Kinova Gen3 Vision-Guided Gelatin Cutting System

A robotics research project implementing vision-guided manipulation for precision cutting operations on gelatin materials using a Kinova Gen3 7-DOF robotic arm with built-in camera system.

System Overview

This project demonstrates:

• Real-time computer vision for line detection and path planning
• Compliant impedance control for safe interaction with soft materials
• Hand-eye calibration for accurate vision-robot coordination
• Integration of built-in RGB+Depth cameras with robotic control

Hardware Configuration

Robot Platform

• Model: Kinova Gen3 7-DOF robotic arm
• Specifications: 902mm reach, 4kg payload capacity
• End-effector: Robotiq 2F-140 gripper with custom cutting tool attachment
• Control: 1 kHz closed-loop control with integrated torque sensors
• Interface: Ethernet connection to robot base

Built-in Vision System

• RGB Camera: Omnivision OV5640 sensor (built-in to robot wrist)
  • Available resolutions: 1920×1080, 1280×720, 640×480 pixels
  • Frame rates: 30/15 fps configurable
• Depth Sensor: Intel RealSense D410 stereo depth module (built-in to robot wrist)
  • Provides synchronized RGBD data with RGB camera
  • Optimized for close-range manipulation tasks

Network Setup

• Robot IP Address: 192.168.1.10 (configurable)
• Connection Type: Direct Ethernet to robot base controller
• Network Requirements: Robot and workstation must be on same subnet

Software Environment

Operating System Requirements

• Ubuntu 20.04 LTS
• ROS Noetic Ninjemys distribution

Core ROS Packages Used

• gen3_robotiq_2f_140_move_it_config - MoveIt motion planning configuration
• kinova_vision - Built-in camera interface and drivers
• line_follower - Custom cutting application package
• cv_calibration - Hand-eye calibration utilities

Python Dependencies

numpy>=1.19.0
opencv-python>=4.5.0
scipy>=1.7.0
matplotlib>=3.3.0
PyYAML>=5.4.0

Installation Instructions

1. Clone Repository

git clone https://github.com/akhiljoshi7060/kinova-gelatin-cutting-system.git
cd kinova-gelatin-cutting-system

2. Install System Dependencies

# Install ROS packages
sudo apt-get update
sudo apt-get install ros-noetic-moveit
sudo apt-get install ros-noetic-cv-bridge
sudo apt-get install ros-noetic-image-transport
sudo apt-get install ros-noetic-tf2-ros

# Install Python dependencies
pip install -r requirements.txt

3. Build Workspace

# Navigate to project directory
cd kinova-gelatin-cutting-system

# Build the project
catkin_make
source devel/setup.bash

# Add to bashrc for automatic sourcing
echo "source $(pwd)/devel/setup.bash" >> ~/.bashrc

Project File Structure

kinova-gelatin-cutting-system/
├── Calibration_images_and_data/               # Camera calibration datasets and parameters
├── cartesian_impedance_controller/            # Custom impedance control implementation
├── config/                                    # Robot and system configuration files
├── depends/                                   # Project dependencies and external libraries
├── devel/                                     # Development build files (catkin workspace)
├── Frames/                                    # Reference frame definitions and transformations
├── launch/                                    # ROS launch files for system startup
├── Line_detection_images_analysis/           # Computer vision analysis and results
├── results/                                   # Experimental data and performance metrics
├── src/                                       # Source code (Python scripts and ROS nodes)
└── README.md                                 # Project documentation 

Core System Components

Computer Vision System (Line_detection_images_analysis/)

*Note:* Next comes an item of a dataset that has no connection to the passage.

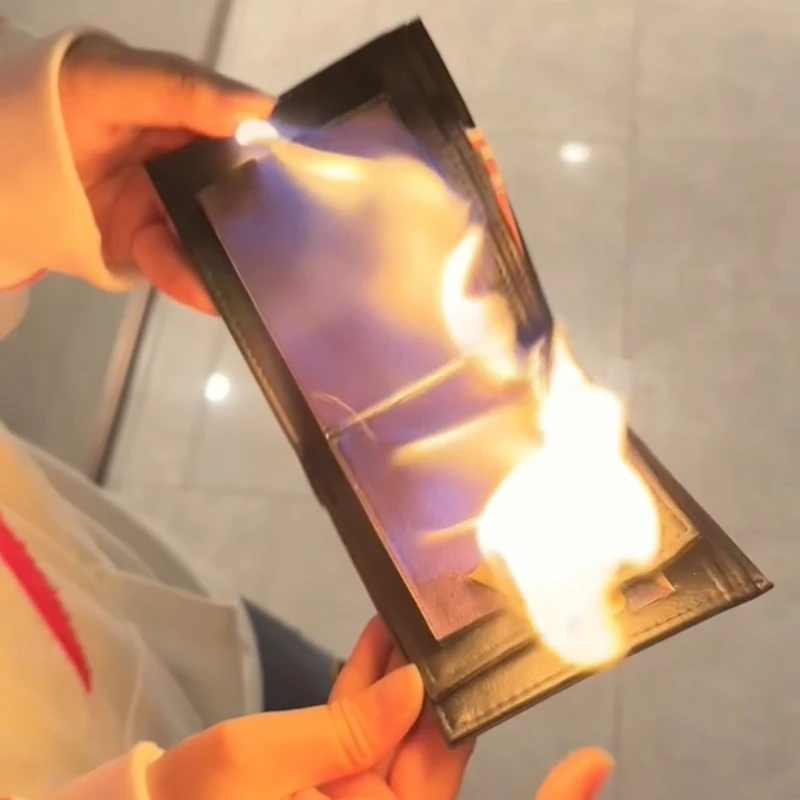 2-in-1 Fire Wallet Lighter Magic Techniques Stage Magic Props Street Card Magic Fun Illusion Magician Wallet Portable Lighter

• Line Detection Algorithm: Advanced OpenCV-based line detection and tracking
• Real-time Processing: Processes built-in camera feed at 1280×720 @ 30 fps
• Image Analysis: Comprehensive analysis tools and results
• Coordinate Transformation: Converts image pixels to robot coordinate frame
• Path Planning: Generates optimal cutting trajectories from detected lines

Cartesian Impedance Controller (cartesian_impedance_controller/)

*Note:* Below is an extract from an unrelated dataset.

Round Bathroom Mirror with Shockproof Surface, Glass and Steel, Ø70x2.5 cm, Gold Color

• Based on Research: Implementation inspired by Mayr & Salt-Ducaju (2024) C++ Cartesian Impedance Controller
• Custom Implementation: Specialized control algorithms for compliant manipulation
• Compliant Control: Maintains safe interaction forces with soft materials
• Real-time Feedback: 1 kHz control loop with integrated torque sensors
• Adaptive Stiffness: Dynamic stiffness adjustment based on material properties
• Safety Mechanisms: Force limiting and emergency stop integration

Calibration System (Calibration_images_and_data/)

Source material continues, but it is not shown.